Memoir | ‘The Homeland’ by Ashima Jain | CreativeWritingW-TBR

“Hello, India!” I yelled, and thousands of echoes bounced back. 
India – the land of my birth, called out with seemingly open arms, “I am here for you, welcome back!” 

From London to Bangalore – it’s been a year, a seismic change that transpired from our desire to live ‘the big Indian dream’. A dream came true when I returned to India after 11 years, with our British-born child, bringing a million memories back to life. 

The transition has been smooth, and I didn’t feel out of place for a single moment. The initial days of uneasy curiosity are long forgotten now with the mind calmer and routine resumed. We still have a lot to see and explore of this mystical land, but there is no rush, in fact there is an opportunity to savour as this time we are here for long.  

Unlike when in the UK, I have chosen to work part-time from home here, giving myself the luxury of time to recharge and indulge in my 4-year old. We live within a gated community, colloquially referred to as a ‘society’, in an apartment overlooking green spaces, water fountains, and an outdoor swimming pool. No doubt, it’s a life of privilege. While the society has all the amenities that one can find in a developed city, it has us wrapped in a warm social fabric akin to the 80s and 90s. Everybody knows everyone, kids mingle with careless abandon, the elderly share stories and the rest of us indulge in all kinds of chatter. No one seems to be in a hurry to get anywhere.

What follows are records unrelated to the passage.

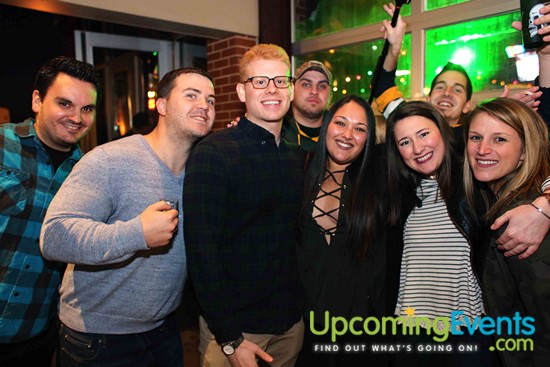 Winterfest Live! 2017 Craft Beer Festival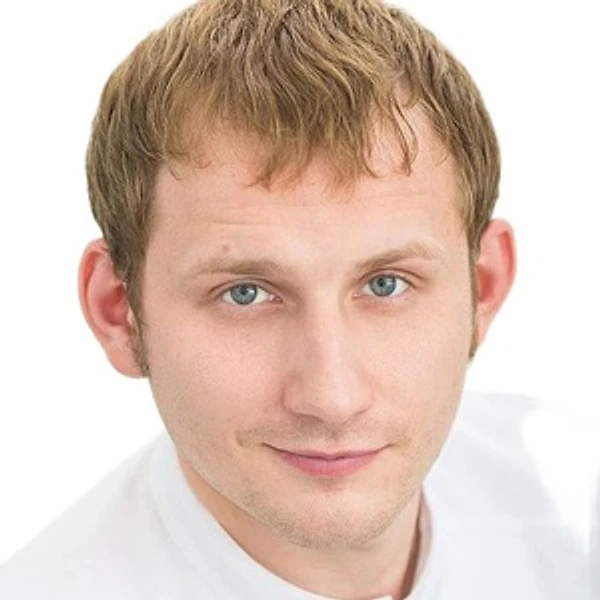Миндияров Вадим Анасович — Стоматолог-ортопед, Верхняя Пышма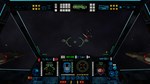 **Eterium / Steam Key / РФ+МИР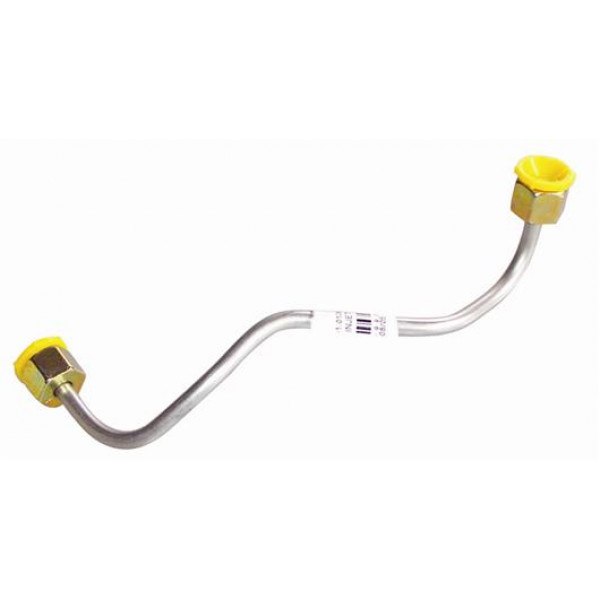 CANO INJETOR 1/6CIL OM457LA 010106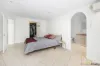 5 Willshire Street, The Gap, NT 0870-Image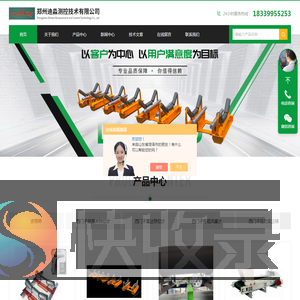 国产皮带秤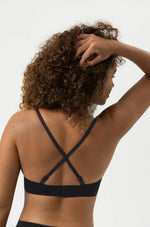 Load image into Gallery viewer, Triangle Bra by Mey
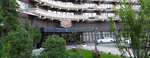 522. Kz (Dostyk Avenue, 105), oficina de tienda en línea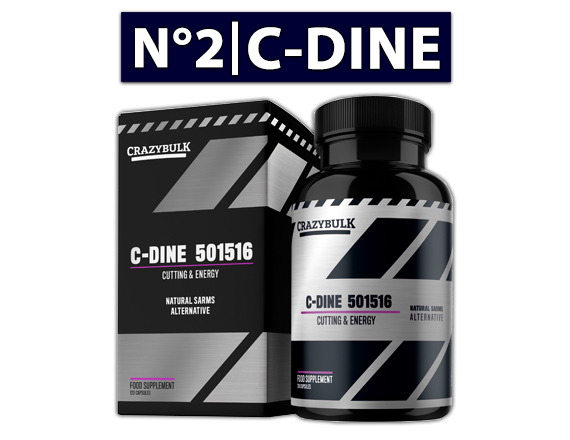 nino n2 c dine 501516
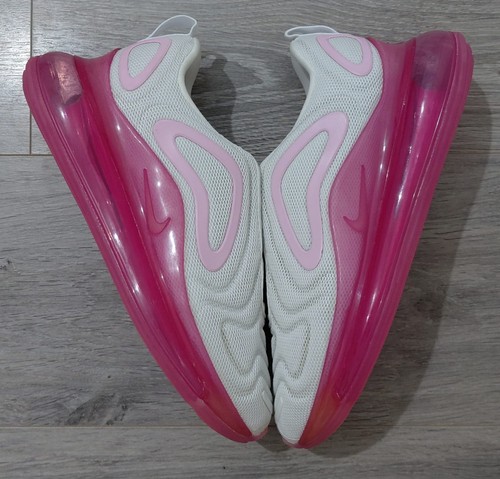 Nike air max 720 - max,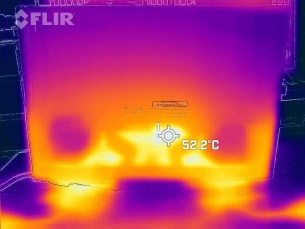 FLIR_20230329_042051_189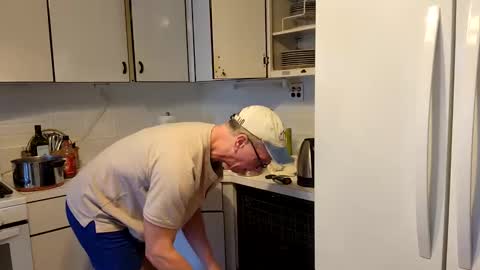 Snapshot of tjstanley1 chatting on December 15, 2:37 pm Joe online show from December 15, 2:37 pm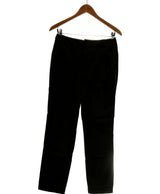 474601 Pantalons et pantacourts BIMBA Y LOLA Occasion Once Again Friperie en ligne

Our apartment, located across a dilapidated lake, is unhindered by high-rises and accentuated by swaying coconut trees. And when the night skies are clear, we feel closer to the heavens as we gaze in awe at the stars and the occasional planet. It is a secure bubble for a peaceful existence while just outside the gates, the road teems with life as local traders and shops go about their business briskly – ‘the India that is busy, noisy, eager, and chaotic’. Roads lined with a colourful melange of tiny shops; people squatting on the ground selling fresh flowers, fruits, plants, and pots; aromas of fresh-fried snacks rising above; the clamouring at shrines and small temples; all of this constant din is characteristically Indian. My ‘society’ is really an oasis, a contrast.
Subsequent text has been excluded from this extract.